Demeuré seul debout sur son rocher, l’antique donjon (…) = accord au masc. sing.
commandé par le nom donjon
Isolé comme lui, j’ (…) = accord au masc. sing. commandé par le référent du sujet j’
(…) les chênes, vieux compagnons qui l’environnaient et le protégeaient contre la
tempête : il n’y a pas ici accord morphosyntaxique de l’apposition avec les traits de genre et
de nombre du support puisque cette apposition est un SN (qui porte donc ses marques
propres). Mais il y a, sur le plan sémantique, une forme de cohérence qui s’impose : l’apport
référant à une collection d’individus (les chênes), l’apposition dénote elle aussi une collection
d’individus (vieux compagnons)

En conclusion, les quatre constituants suivants :

Guidé par ces Mémoires : syntagme participial6


Demeuré seul debout sur son rocher : syntagme participial
vieux compagnons qui l’environnaient et le protégeaient contre la tempête : syntagme
nominal

5
Il ne faut pas oublier que la famille de Chateaubriand a payé un lourd tribu aux échafauds dressés par la
Révolution française.
6
Pensez bien à un moment ou un autre dans votre copie à préciser le statut catégoriel des appositions identifiées.
Isolé comme lui : syntagme participial

sont tous des appositions.

1.2. Acception restreinte de Riegel & al. 2016

Riegel & al. restreignent les appositions aux seuls SN en position d’apport.
Dans le relevé précédent, on est donc conduit à ne retenir comme apposition, en ce cas,
que le SN « vieux compagnons qui l’environnaient et le protégeaient contre la tempête ».

2. Etude des adverbe et adverbiaux incidents de phrase

Un incident de phrase doit vérifier les deux propriétés suivantes :


- il est apte à figurer en tête de phrase négative ;
- il est inapte à être focalisé sous c’est … que.

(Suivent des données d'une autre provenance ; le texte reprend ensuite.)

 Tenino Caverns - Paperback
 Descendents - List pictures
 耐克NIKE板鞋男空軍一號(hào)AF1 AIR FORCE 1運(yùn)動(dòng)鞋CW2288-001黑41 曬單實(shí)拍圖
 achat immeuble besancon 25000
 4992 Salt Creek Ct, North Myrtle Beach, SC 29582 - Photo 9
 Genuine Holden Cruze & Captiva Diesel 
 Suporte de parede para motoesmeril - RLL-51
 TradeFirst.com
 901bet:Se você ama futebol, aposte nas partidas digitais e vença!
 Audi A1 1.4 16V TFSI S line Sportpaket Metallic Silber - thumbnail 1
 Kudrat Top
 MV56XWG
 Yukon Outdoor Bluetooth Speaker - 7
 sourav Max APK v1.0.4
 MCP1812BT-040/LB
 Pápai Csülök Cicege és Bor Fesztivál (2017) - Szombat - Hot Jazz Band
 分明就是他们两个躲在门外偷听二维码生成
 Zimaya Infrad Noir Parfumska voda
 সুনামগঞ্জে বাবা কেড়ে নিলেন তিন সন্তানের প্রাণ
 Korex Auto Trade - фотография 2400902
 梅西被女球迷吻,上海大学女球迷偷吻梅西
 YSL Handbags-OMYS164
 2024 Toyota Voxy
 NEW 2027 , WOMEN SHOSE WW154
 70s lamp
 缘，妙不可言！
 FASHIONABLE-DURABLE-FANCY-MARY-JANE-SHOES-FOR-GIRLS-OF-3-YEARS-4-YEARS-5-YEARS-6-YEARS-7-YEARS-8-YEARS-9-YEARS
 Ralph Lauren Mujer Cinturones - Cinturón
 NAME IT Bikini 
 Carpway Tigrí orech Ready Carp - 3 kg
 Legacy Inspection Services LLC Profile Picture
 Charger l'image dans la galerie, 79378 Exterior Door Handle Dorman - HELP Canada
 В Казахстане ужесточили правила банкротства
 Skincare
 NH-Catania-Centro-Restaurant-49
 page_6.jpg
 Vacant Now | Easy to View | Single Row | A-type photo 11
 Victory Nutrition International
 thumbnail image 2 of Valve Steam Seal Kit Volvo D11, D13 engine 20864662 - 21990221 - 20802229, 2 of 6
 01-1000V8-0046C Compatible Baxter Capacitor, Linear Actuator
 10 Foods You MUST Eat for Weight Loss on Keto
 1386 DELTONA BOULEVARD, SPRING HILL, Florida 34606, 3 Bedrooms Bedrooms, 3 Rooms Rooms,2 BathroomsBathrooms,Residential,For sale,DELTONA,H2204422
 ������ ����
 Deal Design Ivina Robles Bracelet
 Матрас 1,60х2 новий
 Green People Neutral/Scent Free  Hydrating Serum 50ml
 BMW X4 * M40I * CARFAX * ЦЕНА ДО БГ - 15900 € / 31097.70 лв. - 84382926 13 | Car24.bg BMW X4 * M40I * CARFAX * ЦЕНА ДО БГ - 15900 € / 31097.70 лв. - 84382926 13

Les deux adverbes peut-être et heureusement dans les phrases :

Peut-être un jour quelque voyageur viendra visiter les lieux que j’ai peints.
Heureusement ma vie n’est pas bâtie sur la terre aussi solidement que les tours où j’ai passé
ma jeunesse.

sont des adverbes de phrase comme le montrent leur réaction aux tests suivants :

Test a : détachement de l’adverbe en tête de phrase négative :

Peut-être un jour quelque voyageur ne viendra pas visiter les lieux que j’ai peints.
Heureusement ma vie n’est pas bâtie sur la terre aussi solidement que les tours où j’ai passé
ma jeunesse.

Test b : Focalisation au moyen de c’est … que

*C’est peut-être qu’un jour quelque voyageur viendra visiter les lieux que j’ai peints.
*C’est heureusement que ma vie n’est pas bâtie sur la terre aussi solidement que les tours où
j’ai passé ma jeunesse.

Ils peuvent donc figurer en tête de phrase négative et ils ne sont pas focalisables, ce qui
constituent la conjonction des deux traits définitoire des adverbes de phrase.

Ces deux adverbes ne sont pas des conjonctifs car ils peuvent figurer sans difficulté en tête
d’un discours sans présupposer un contexte amont. Ce sont donc des disjonctifs.

Ni l’un ni l’autre enfin de caractérisent la relation du locuteur avec son interlocuteur, ni sa


relation avec la forme, la source ou le statut de son énoncé. Ce sont donc des disjonctifs
d’attitude7.

7A noter que heureusement est classé comme un adverbe (disjonctif d’attitude) évaluatif et peut-être
comme un adverbe (disjonctif d’attitude) modal.